# EXERCISE DESCRIPTION
With the pictures removed, write out the data below exactly.

# GIVEN DATA
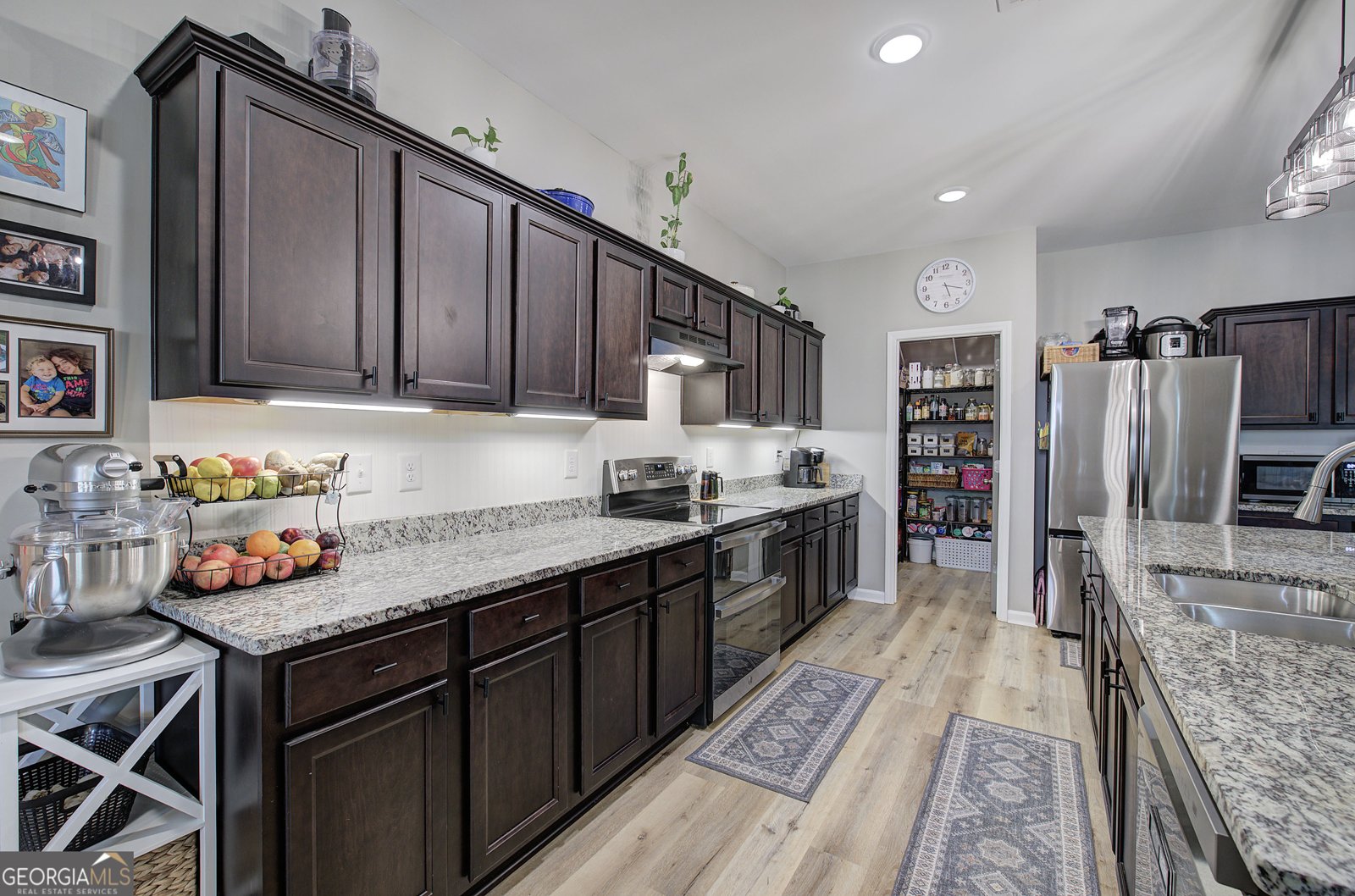 60 Seattle Slew Way Cartersville - Photo 27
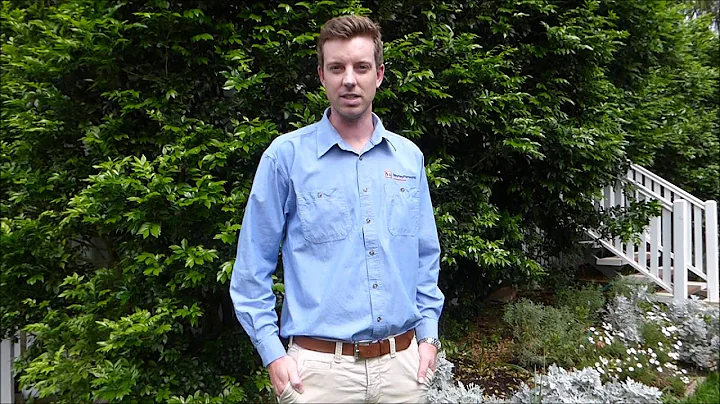 IChemE Global Awards 2015 - Christopher Jansen, Wo...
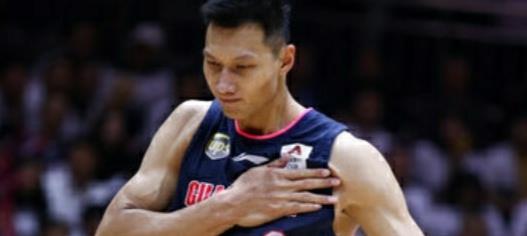 辽宁男篮■一夜3消息!姚明公开发声,辽篮官宣新决定,易建联再迎强援!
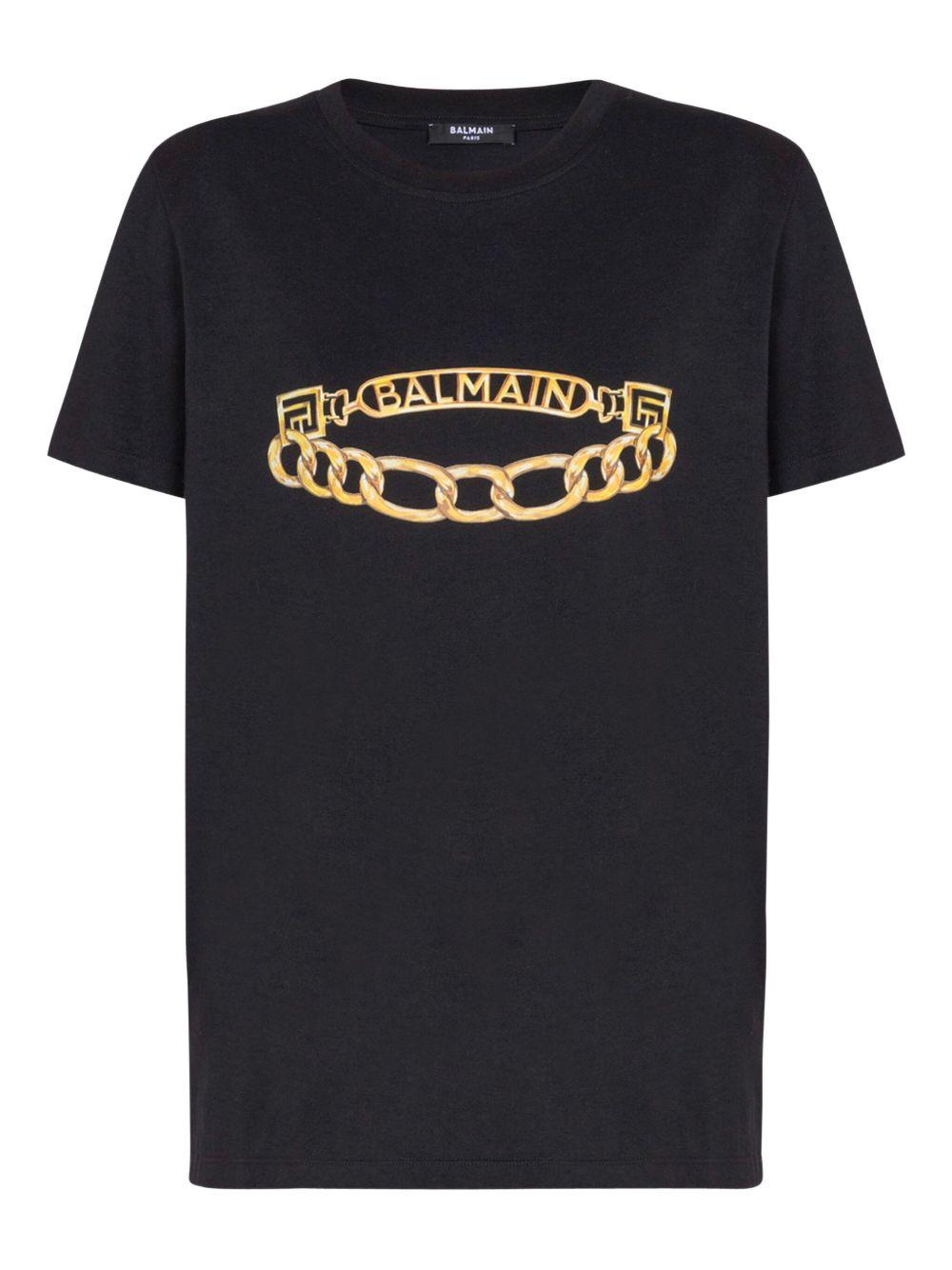 BALMAIN FF1EF004GE97EAD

# ANSWER TO THE PROBLEM
 60 Seattle Slew Way Cartersville - Photo 27
 IChemE Global Awards 2015 - Christopher Jansen, Wo...
 辽宁男篮■一夜3消息!姚明公开发声,辽篮官宣新决定,易建联再迎强援!
 BALMAIN FF1EF004GE97EAD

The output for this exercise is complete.